GABAA θ Inhibitors

Chemical inhibitors of GABAA θ function through various mechanisms to impede its activity. Bicuculline, for example, competes with GABA for its binding sites on GABAA θ, obstructing the receptor's normal response to the neurotransmitter. This competitive antagonism effectively inhibits the influx of chloride ions that would typically result in neuronal hyperpolarization and inhibition. Similarly, Picrotoxin acts by binding to the chloride channel of the GABAA θ receptor, not to compete with GABA itself, but to obstruct the channel pore, hindering chloride ion flow and receptor function. In contrast, Strychnine non-selectively binds to the receptor, which can inhibit its channel function, even though its primary target is the glycine receptor.
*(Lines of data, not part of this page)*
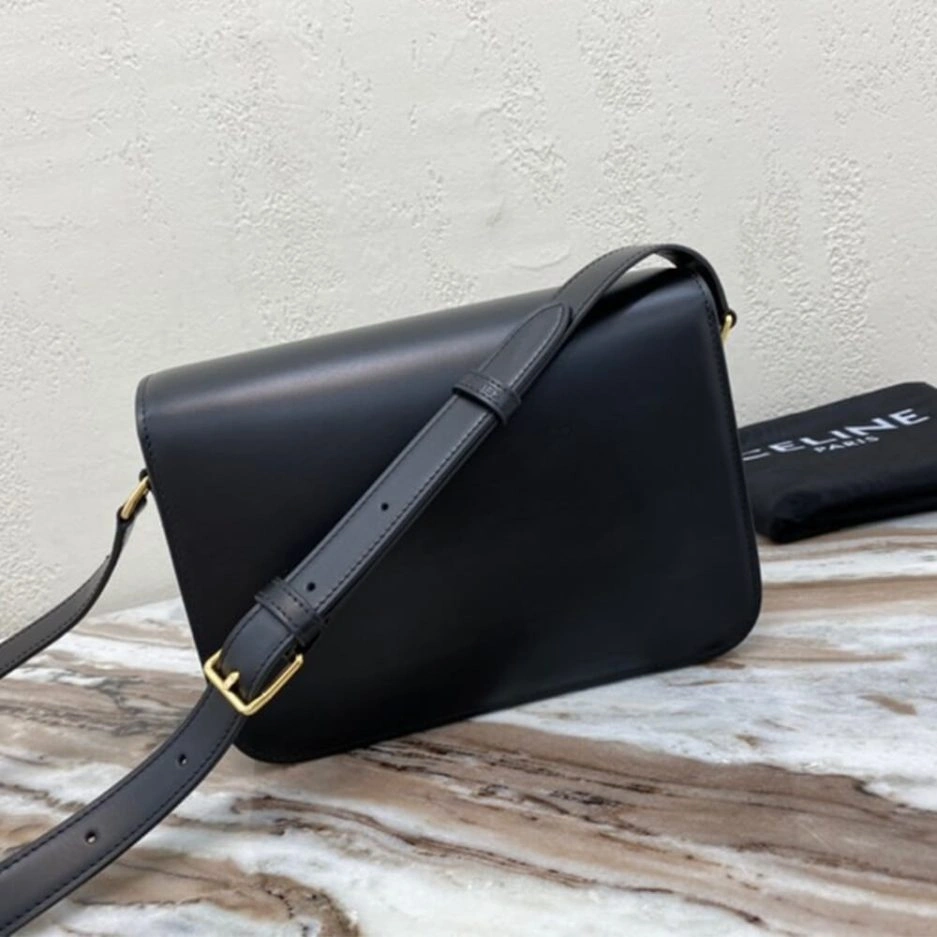 HighPerformance CELINE CLASSIQUE TRIOMPHE BAG IN CALFSKIN 1621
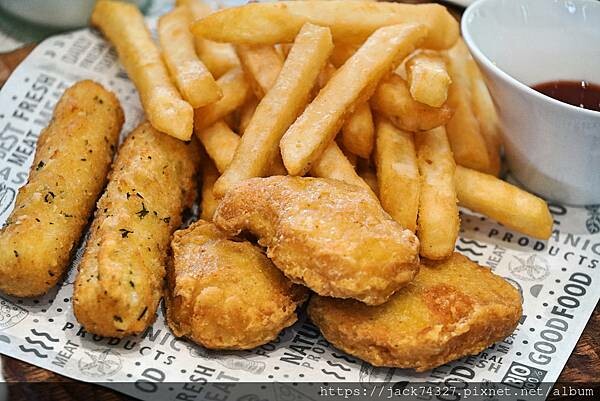 {台中美食}梨子-東海森林店,東海大學內超唯美親子友善森林系 {台中美食}梨子-東海森林店,東海大學內超唯美親子友善森林系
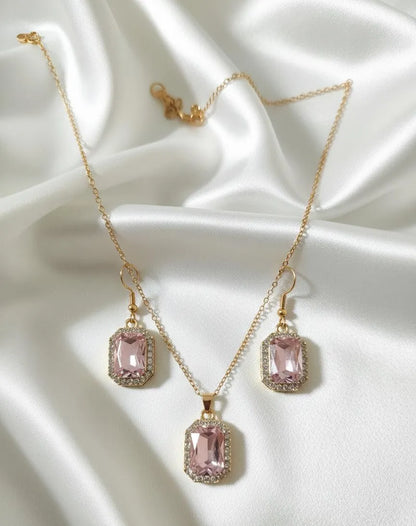 Golden Pendant & Earrings Set for Pakistani Women
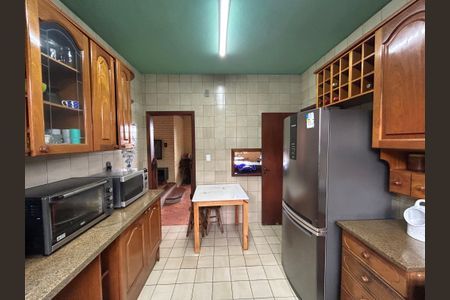 Casa para alugar com 290m², 4 quartos e 1 vagaCozinha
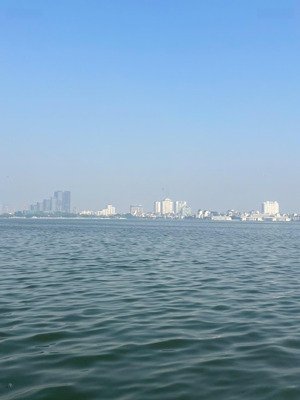 nhật chiêu 10 mét ra phố - nhà dân xây chắc chắn - thoáng trước sau - ngõ thông các hướng - ở hoặ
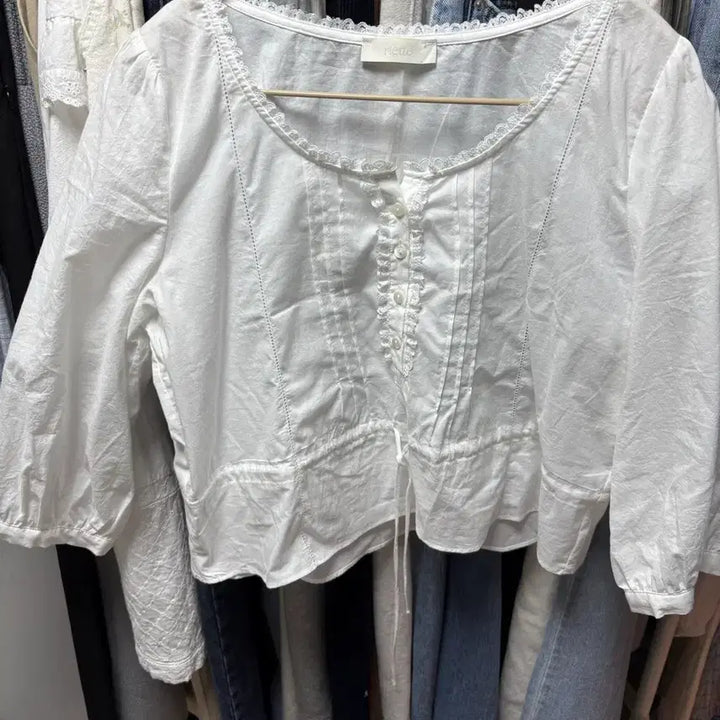 [BUNJANG] Riette Clothy Blouse / 리에뜨 클로니 블라우스 (새상품)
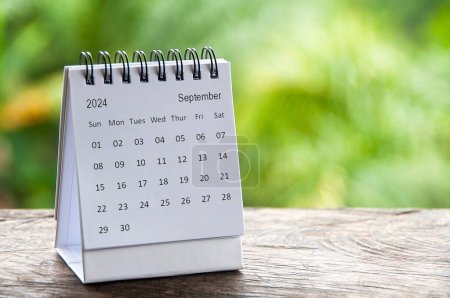 September 2024 weißer Tischkalender mit anpassbarem Platz für Text. Kalender und Kopierraum-Konzept.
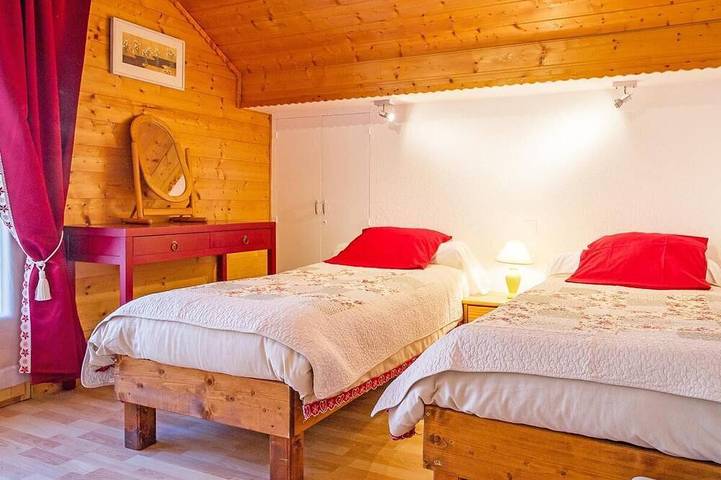 Gîte pour 20 personnes, avec balcon ainsi que sauna et jacuzzi, animaux acceptés dans Office De Tourisme De La Chapelle D Abondance - 2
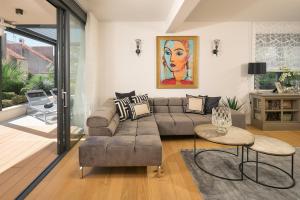 un soggiorno con divano e tavolo di K luxury residence a Spalato (Split)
Continuing with the theme of channel blockage, compounds like Tertiapin-Q and TBPS also inhibit GABAA θ indirectly through their action on associated ion channels. Tertiapin-Q blocks GIRKs, which are functionally coupled with GABAA θ, thereby disrupting the downstream signaling that contributes to the receptor's inhibitory effects. TBPS binds allosterically to the chloride channel, locking it in a closed state which inhibits the receptor's function. Zinc, on the other hand, binds to a modulatory site on GABAA θ, altering the receptor's conformation which results in diminished sensitivity to GABA and consequential inhibition. Flumazenil operates through competitive antagonism at the benzodiazepine site on the receptor, inhibiting the effect of benzodiazepines on GABAA θ and thus the receptor's overall function. Alongside, Penicillin non-selectively interacts with the receptor to inhibit its chloride channel function. High concentrations of Ethanol disrupt the membrane environment of GABAA θ, leading to a decrease in receptor sensitivity to GABA, thereby inhibiting receptor function. Ivermectin, although known for enhancing the effects of other antagonists, can at certain concentrations allosterically modify the receptor's response to GABA, resulting in inhibition. Gabazine specifically targets the GABA binding site on GABAA θ, preventing receptor activation through competitive antagonism. Lastly, Cicutoxin impedes the receptor's chloride ion conductivity by blocking the channel linked to GABAA θ, leading to inhibition of the receptor's inhibitory neurotransmission.